When it comes to banking, there is a major disruption happening. The FinTech ecosystem in the nation has matured considerably and banks like RBS have taken a lead in staying abreast of all the advancements in analytics and AI.
To know more about the bank’s analytics unit and its roadmap for the coming year, we got in touch with Arun Mehta, Head of Data & Analytics – Digital Engineering Services at Royal Bank of Scotland (RBS). In this article, we shall also cover how Mehta has played a pivotal role in architecting RBS’s operations in India.
Tech Vision
Arun Mehta has played a significant role in transforming analytics function at RBS India. His day-to-day role and responsibilities include leading the data and analytics engineering platform related deliveries ranging from regulatory commitments to enabling analytics and data tools enablement for data science activities.
Since the get-go, he has been involved in multiple projects and flagship strategy programs to deliver stakeholder value by optimising the entire value chain of data that spans across optimized data sourcing, simplified data architecture, optimal data platforms for varied needs of elasticity of compute & storage and to enable appropriate and cost-effective tooling for reporting, analytics and data science activities.
Analytics Tech Stack
Talking about the technology aspect at RBS India, the bank has been using analytics extensively to improve operational efficiency and internal processes. He reveals analytics had been prioritized for improving digital customer journeys, gaining a better understanding of customer experience & behaviour, improving the effectiveness of due diligence processes and digital channel adoption. “Tech direction for us is geared up towards embedding analytics for insights and decision making using the near time mode of data procurement. This is intended to enable contextual and personalized customer offerings and experiences,” said Mehta.
At RBS India, analytics is embedded within both functions and works as a separate unit.
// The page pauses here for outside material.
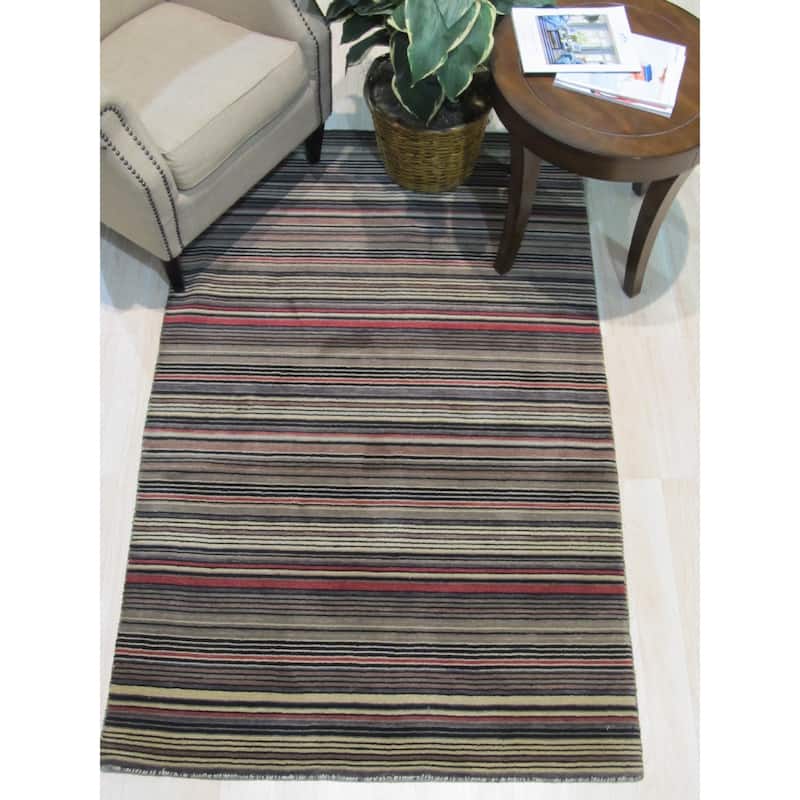 Handmade Wool Striped Rug, Elegant Black/Charcoal Area Rug for Living Room, Bedroom, Office, Home Décor, Durable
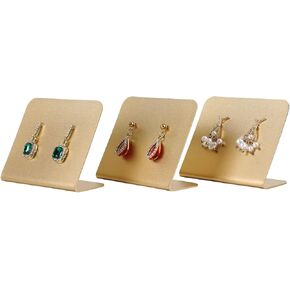 GemeShou 3pcs Small Metal Earring Display for Selling, Gold Jewelry Earring Organizer Hanging, Stud Earring Holder for Online Shop Photography【Gold Metal Earring Board-Small 3pcs 】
Also, the models are prevalent with central data and analytics guiding new design patterns, technology strategy, new ways of working and future data strategy.
Furthermore, when asked about RBSs’ way of hosting data, Mehta said that the bank has a robust security framework, control groups and a decision tree protocol basis which it decides the placement of workloads into different data hosting platforms.
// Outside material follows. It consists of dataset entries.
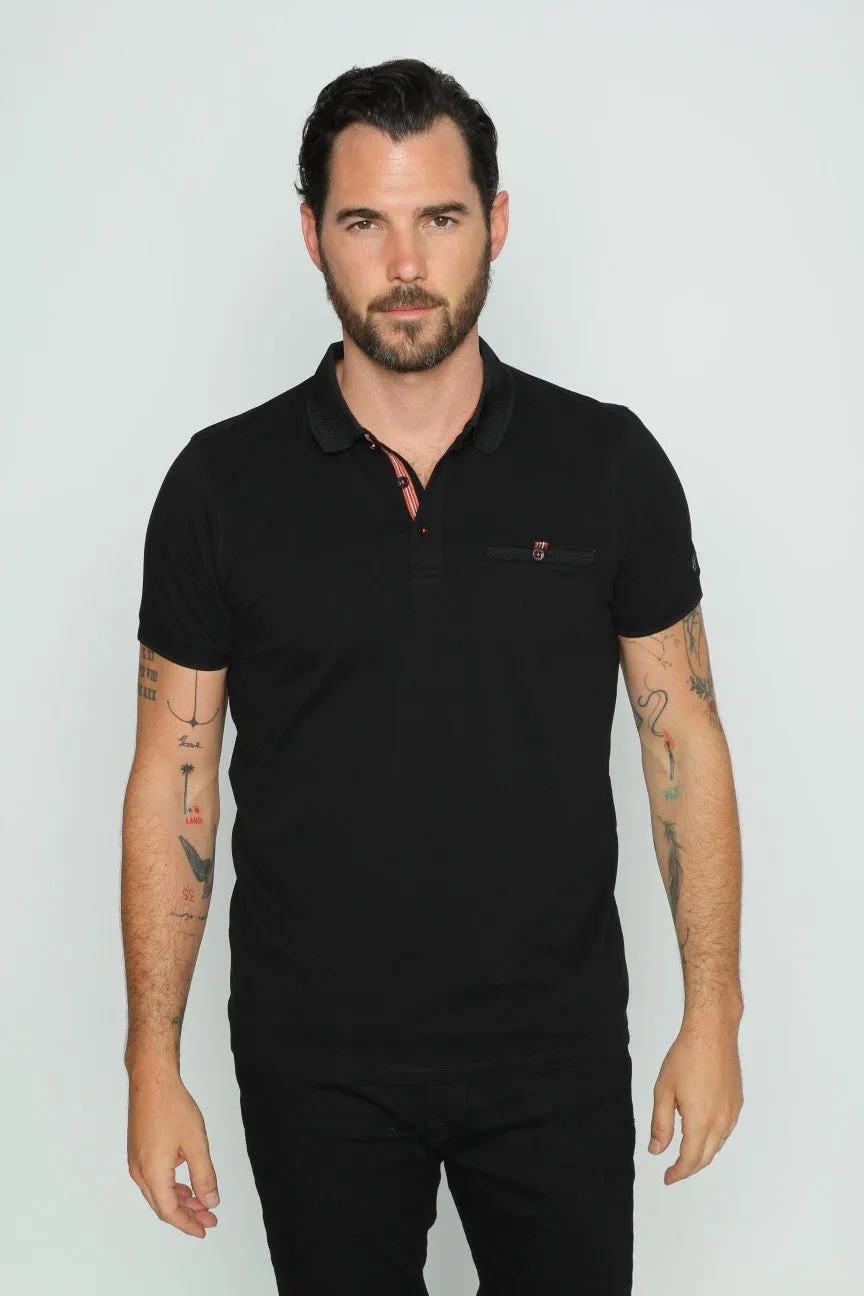 Black Pocket Polo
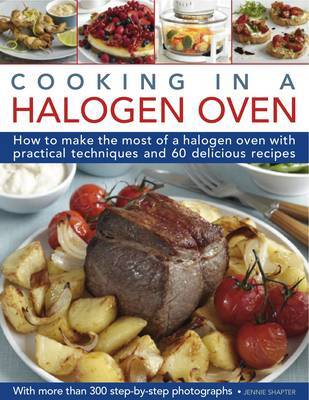 This is the book cover for 'Cooking in a Halogen Oven' by Jennie Shapter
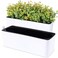 NiHome 2-Pack Self Watering Planters Rectangular 2-Layer Window Herb Planter Box for Indoor Plants Garden Balcony, Window Sill Planters with Water Gauge Indicator
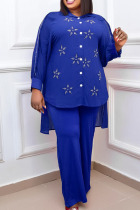 Blue Casual Solid Split Joint Buckle Hot Drill Turndown Collar Plus Size Two Pieces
“In my view, any cloud cases would be considered basis the need for the elasticity of compute, cost efficiency opportunity and faster time-to-market. We have a strong intention of enabling analytics workloads on elastic compute cloud ecosystem,” Mehta added.
The Hiring Phase
Being an analytics-driven bank, RBS India ensures the team attracts the best talent that is well-versed with all the nuts and bolts of analytics. “We are always on a lookout for deserving and promising candidates to join our group,” said Mehta.
Talking about the key capabilities required for an analytics professional to join RBS India, Mehta said that there are certain things that a candidate must have to be a part of RBS India’s analytics domain. Some of the key capabilities required for analytics professional range from softer aspects like open mindset can-do attitude, innovative traits to essential skills ranging from data engineering, data science, cloud computing and knowledge of analytics.
The Roadmap
While banks like DBS, ICICI, Axis have built a partner ecosystem with startups and have been building innovative solutions, RBS India is in the process of establishing a partner ecosystem with STPI and NASSCOM CoE. According to Mehta, the motive behind it is, “To potentially co-create artefacts for the industry as well to assess the FinTechs as endorsed by them to address some of the pain points and prompting business outcome use cases.”
Going forward, Mehta believes that the key trends that will see impacting FSI in India are analytics, cybersecurity, API driven architecture, cloud computing, digital integration with the customer journey and last but not the least artificial intelligence and machine learning.